Your answer must be an exact copy of the entries below, with every picture removed.
□ □ □
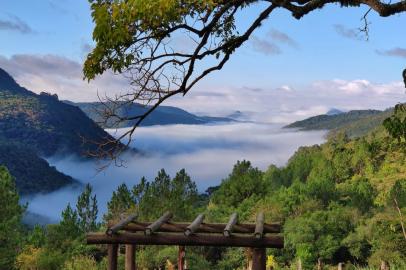 Parque das Oito Cachoeiras , São Francisco de Paula, serra gaúcha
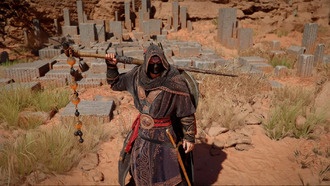 Где найти посох Балансера в Crimson Desert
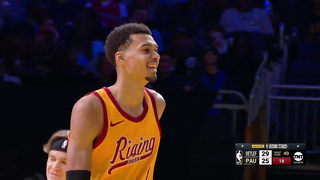 2024 Panini Rising Stars Championship | Team Jalen vs. Team Detlef Highlights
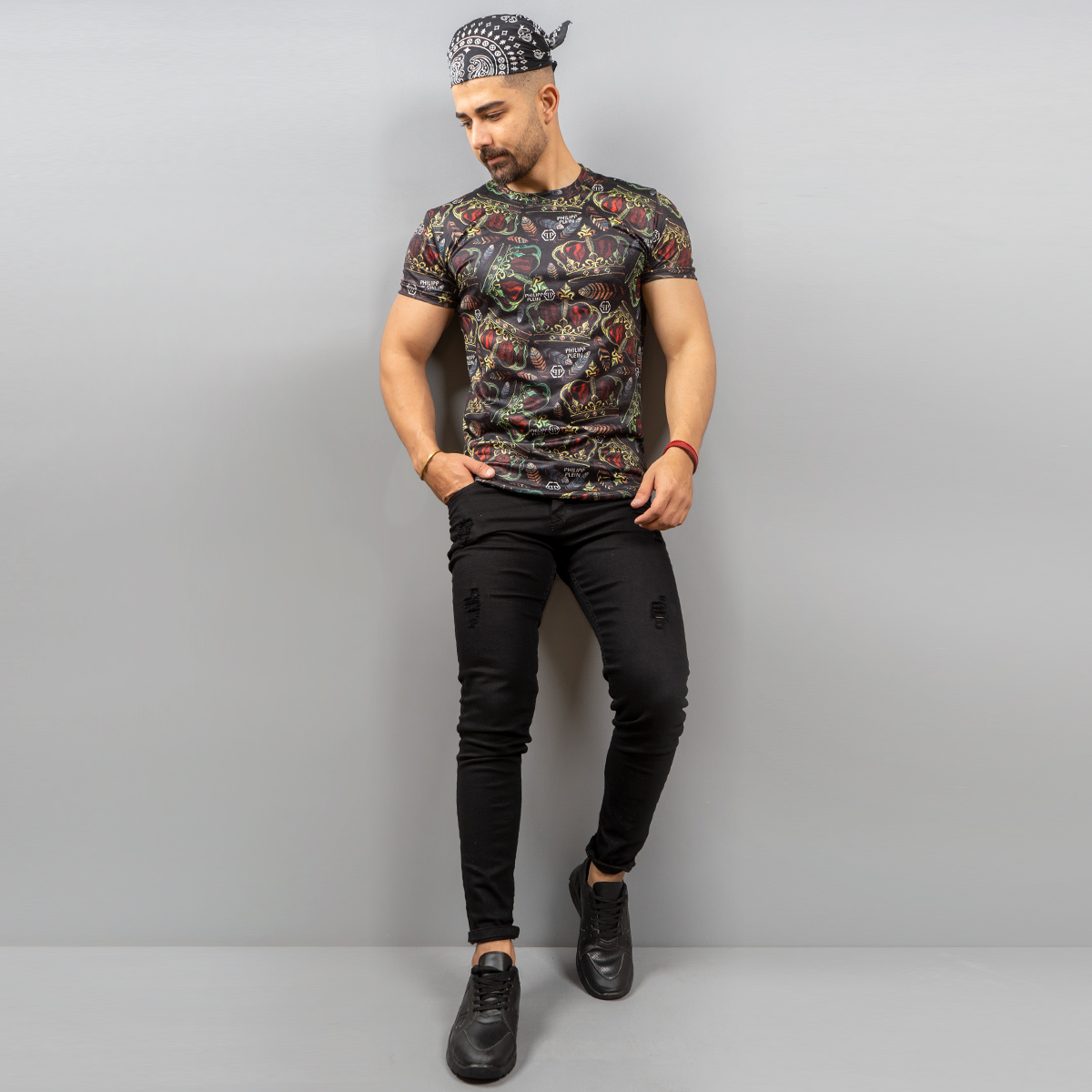 تيشرت qp مردانه مدل Sandra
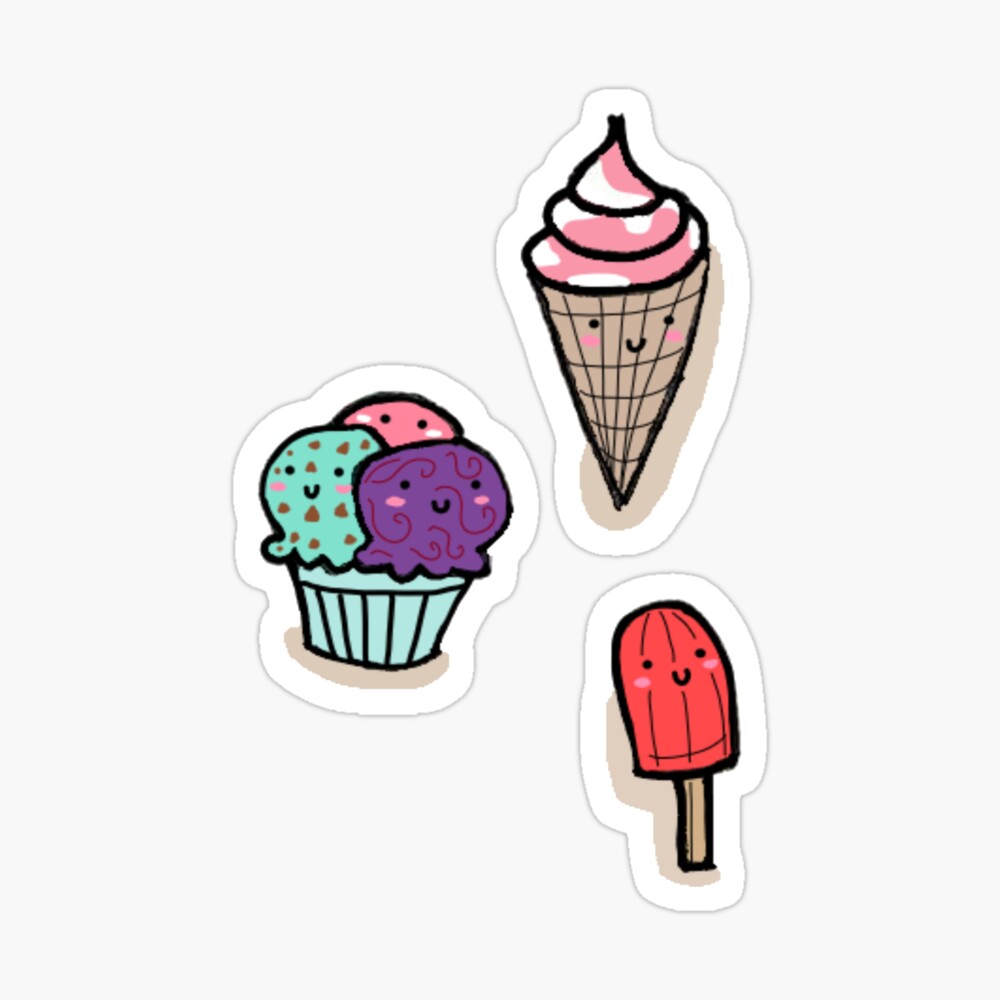 Cute ice cream delights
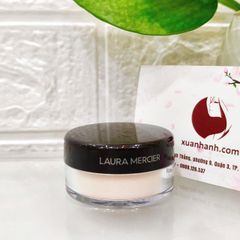 Phấn phủ bột Laura Mercier Translucent Powder kiềm dầu, ráo mịn - tách set, 5g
□ □ □
● **Response area**
 Parque das Oito Cachoeiras , São Francisco de Paula, serra gaúcha
 Где найти посох Балансера в Crimson Desert
 2024 Panini Rising Stars Championship | Team Jalen vs. Team Detlef Highlights
 تيشرت qp مردانه مدل Sandra
 Cute ice cream delights
 Phấn phủ bột Laura Mercier Translucent Powder kiềm dầu, ráo mịn - tách set, 5g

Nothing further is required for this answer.